Six things stand in our way.
This week a few human rights and too few environmental organizations will observe World Population Day. In 1989, as world population passed the 5 billion mark, the United Nations declared July 11 World Population Day. In the 23 years since, we’ve added another 2 billion.
The UN’s latest mid-range scenario has us passing through 10 billion before this century ends. We’ve been adding a billion to the planet about every 12 years, but the UN expects fertility rates to decline such that it will take nearly 80 years to add the next 3 billion. This scenario also has us hitting peak population just after 2100. Some feel this means population growth is no longer a concern.
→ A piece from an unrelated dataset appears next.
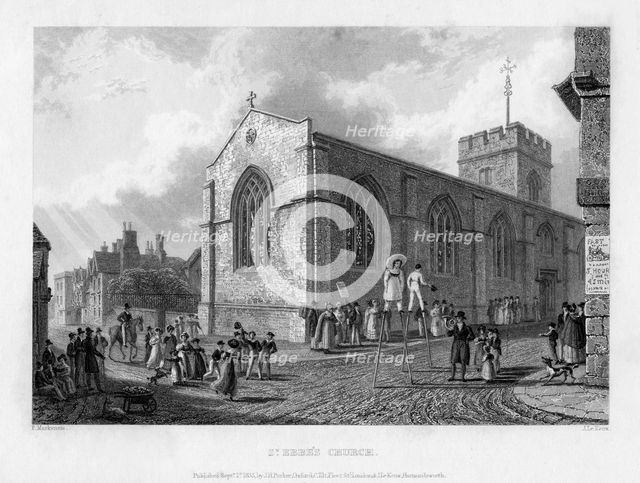St Ebbe's Church, Oxford, 1835.Artist: John Le Keux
I’m as worried about population growth today as I was when I decided twenty years ago to stop at two children. Why? Today alone we’ll add more than 200,000 to the planet. This week we’ll add more than a million – over 80 million this year. Yet according to data from the Global Footprint Network, published in the WWF’s Living Planet Report, the current 7 billion of us are living like there’s no tomorrow. We’re pushing other species off the planet at a record rate, draining the world’s major rivers and pumping aquifers dry, liquidating fertile soils, toxifying our land and waters, and heating up our climate.
We’re doing this while half the world’s population lives at a lifestyle we’d consider impoverished. We’d like all the people on the planet to have an opportunity to live like we do. Unfortunately that’s just not possible. The scientists crunching the data tell us it would take 5 Earths to support all 7 billion of us living like North Americans. Even if we could pull this off for a day or a week, it’s not sustainable and we’d very quickly destroy the life support systems upon which we depend.
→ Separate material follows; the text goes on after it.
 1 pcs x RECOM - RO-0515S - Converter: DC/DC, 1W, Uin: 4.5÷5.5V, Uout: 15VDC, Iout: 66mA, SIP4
So it’s a sticky wicket at 7 billion, and the problem is amplified if we go to 10. Clearly those of us living materially rich lives need to scale back our levels of consumption. But that is not enough. The prospects of achieving worldwide economic justice and equity do not get better as we overpopulate the planet.
The good news is we don’t have to follow that UN scenario. It’s not inevitable. It is physically possible for population to peak at 8 billion or even less. Families the world over can begin today making informed, responsible decisions about family size. What stands in the way?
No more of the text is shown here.